From Weak to Strong LP Gaps for All CSPs
Host
Department of Applied Mathematics
Speaker
Madhur Tulsiani
Toyota Technological Institute at Chicago; Department of Computer Science, University of Chicago
http://ttic.uchicago.edu/~madhurt/
Description
We study the approximability of constraint satisfaction problems (CSPs) by linear programming (LP) relaxations. We show that for every CSP, the approximation obtained by a basic LP relaxation, is no weaker than the approximation obtained using relaxations given by \( \Omega (\ln n/ \ln\ln n) \) levels of the of the Sherali-Adams hierarchy on instances of size n. It was proved by Chan et al. (2013) that any polynomial size LP extended formulation is no stronger than relaxations obtained by a super-constant levels of the Sherali-Adams hierarchy.

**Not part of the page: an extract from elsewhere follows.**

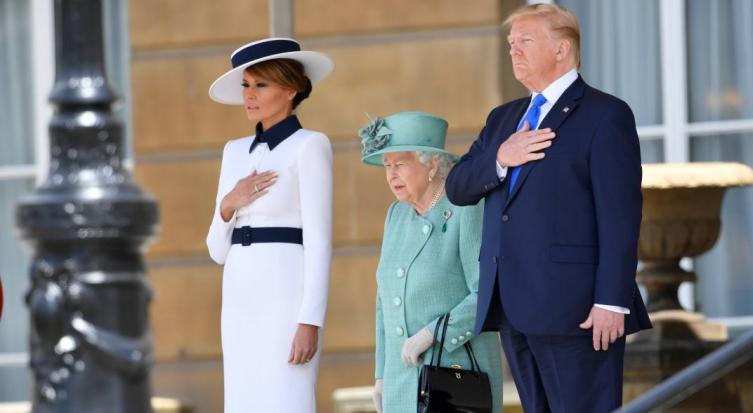 Trump se reunió con la reina Isabel II en Gran Bretaña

Combining this with our result also implies that any polynomial size LP extended formulation is no stronger than the basic LP, which can be thought of as the base level of the Sherali-Adams hierarchy. This essentially gives a dichotomy result for approximation of CSPs by polynomial size LP extended formulations.

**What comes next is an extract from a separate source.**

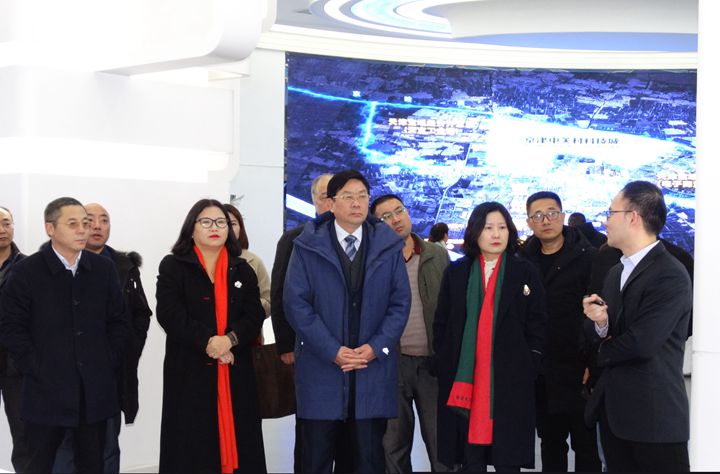 副校长张锟走访调研校友企业并听取投资项目介绍.jpg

Using our techniques, we also simplify and strengthen the result by Khot et al. (2014) on (strong) approximation resistance for LPs. They provided a necessary and sufficient condition under which \( \Omega (\ln\ln n) \) levels of the Sherali-Adams hierarchy cannot achieve an approximation better than a random assignment. We simplify their proof and strengthen the bound to \( \Omega (\ln n / \ln\ln n) \) levels. Joint work with Mrinalkanti Ghosh.